NEW DELHI : In the first week of March, a Vijay Sales store in Noida, Uttar Pradesh, buzzed with shoppers crowding the place. Holi, the festival of colours, is around the corner; it announces the onset of the long and gruelling Indian summer. Expectedly, around this time, the demand for room air conditioners (ACs) shoots up.
However, at this prominent outlet selling consumer electronics, one brand was missing—Lloyd. “We haven’t been stocking Lloyd for some time now. There were some issues related to annual maintenance packages.
Very rarely do customers ask for it, anyway," a mildly irritated sales executive told this writer before listing out specifications and finance options for ACs sold by Voltas, a home appliance company from the Tata group, and Hitachi, a multinational aggressively selling its wares in India. Lloyd is owned by Havells India, one of the country’s largest electrical equipment companies, which sells everything from switches and cables to fans and water heaters.
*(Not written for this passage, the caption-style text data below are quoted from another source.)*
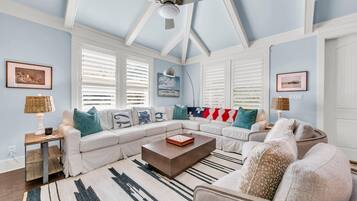 House, Multiple Beds (Seagull's Nest) | Living area
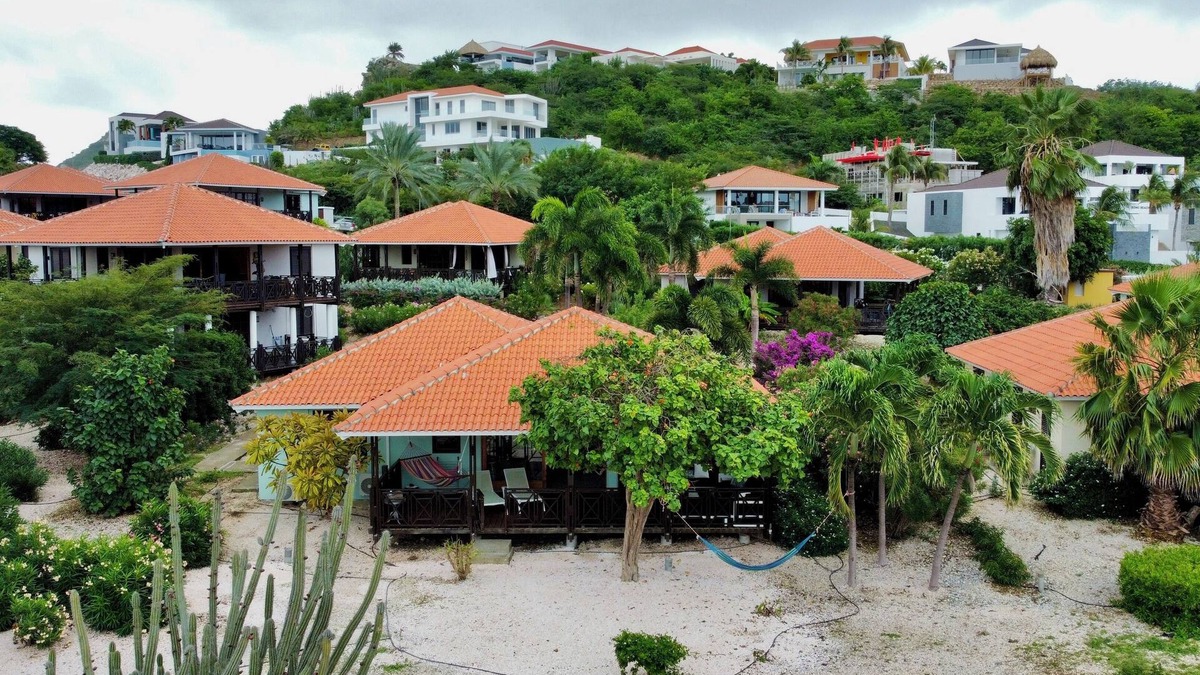 Sint Michiel Villa | VIP - Privacy - Blue Bay Beach Villa 15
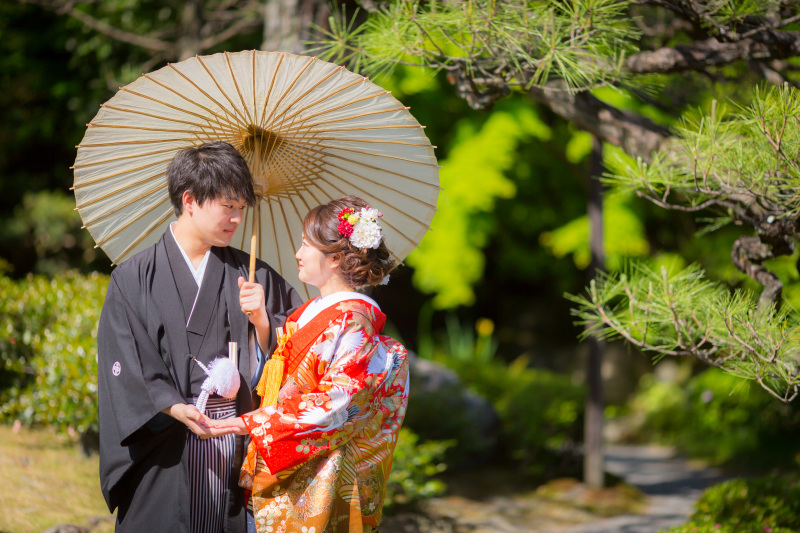 手を取り合って。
It is the same situation in nearly half a dozen stand-alone electronic shops in Noida’s Sector 18 market—only one shop had a Lloyd AC on display and could provide information about the product, pricing, and warranty.
This sticks out like a sore thumb given that Havells claims that it is the No. 3 in the pecking order of AC manufacturers in India with an estimated market share of over 10%. Lloyd began in India as a joint venture under Fedders Lloyd, a multinational company, in 1956, but became a solo brand in 2007 when Fedders went bankrupt in the US.